Obama’s Spring Offensive
With health-care reform passed, the Obama Administration is gearing up to tackle the next item on its agenda: financial reform. The president is expected to push Congress in the coming weeks, hoping to have some progress to show for by the fall when the midterm elections are set to ravish the country’s political landscape. Treasury […]
With health-care reform passed, the Obama Administration is gearing up to tackle the next item on its agenda: financial reform. The president is expected to push Congress in the coming weeks, hoping to have some progress to show for by the fall when the midterm elections are set to ravish the country’s political landscape.
Treasury Secretary Timothy Geithner spoke on the necessity of financial reform two weeks ago, warning that, without further regulation, “risk will build up again where it is not effectively constrained, and future governments will have to act again to socialize private losses in the interest of preventing catastrophic damage.” It never occurred to him, evidently, that government hasn’t to intervene in the nation’s economy but politically, bashing Wall Street is a good move.
The left is already rallying around reform, with Robert Kuttner of The American Prospect for instance threatening that, “The next generation of bubbles is already incubating.” Fortunately, “It’s not a difficult vote to tighten restrictions on predator banks,” for most people are convinced that they caused the recession. No matter that government intervention is actually to blame; the Democrats can get the people on their side this time, so financial reform will move forward.
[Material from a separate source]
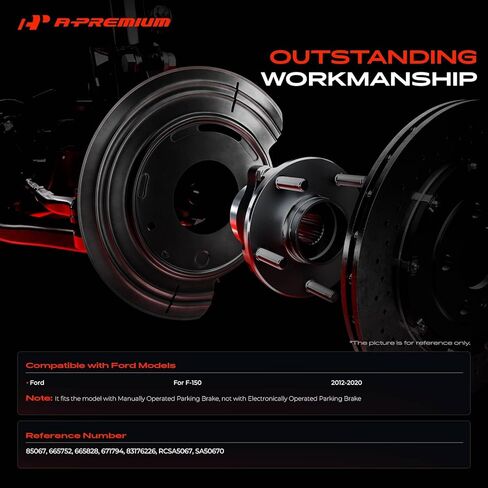 درع غبار الفرامل الخلفية للسائق والركاب الجانبي A-Premium متوافق مع موديلات Ford - F-150 F150 2012-2020، مع فرامل انتظار تعمل يدويًا، مجموعة مكونة من قطعتين in Saudi Arabia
Simon Johnson, writing for The Huffington Post, agrees and adds that both economically and politically, it makes sense to impose “binding constraints on our largest banks.” According to Johnson, it should be part of the federal government’s job description to determine which banks are “too big” so that it can forcefully downsize them.
Politico reports that the administration expects to pass new rules for Wall Street by September. Throughout the protracted negotiations over the health-care bill, the president was criticized for giving congressional leaders too much leeway and too little direction. “No more,” notes the website.
With the momentum from the most complex domestic bill to pass Congress in 45 years, Obama now will push Congress to close campaign finance loopholes opened by the Citizens United case, adopt his overhaul of the No Child Left Behind education bill and perhaps even tackle a clean energy bill.
Whether Democrats on the Hill will play ball remains to be seen though. After all, it took well over a year for health-care reform to pass in spite of repeated pleas from the White House. The president’s demand to see full-fledged financial reform on his desk perhaps even before Memorial Day is raising eyebrows in the halls of power of Washington. Some Democrats have privately complained that setting arbitrary deadlines didn’t work for health reform, so why would it work this time?
The frustration reveals a deeper divide between White House and Congress over how best to approach the midterm elections. Should they push for an aggressive Wall Street reform bill that will dare Republicans to filibuster or seek bipartisan support in compromise?
It is common to blame the Obama Administration for pursuing a “radical left-wing agenda” these days and while that may be true for health care, on energy and foreign policy as well as immigration reform, the president, so far, has been pragmatic and a centrist. Nonetheless, Republicans criticize even on these accounts, trying to portray Obama as a weak and ineffective leader.
As tempting as it may be to move to the center, there is gain to be found in standing on principle. Part of voters’ dissatisfaction is not with the Democrats’ agenda per se; it’s with their apparent inability to execute it properly and within due time. The president’s irrepressible quest for consensus is in fact part of his problem. To adopt a more moderate stance and concede to Republican demands in spite of enjoying overwhelming majorities in both chambers of Congress would be an unprecedented sign of defeat that won’t ever translate into electoral victory.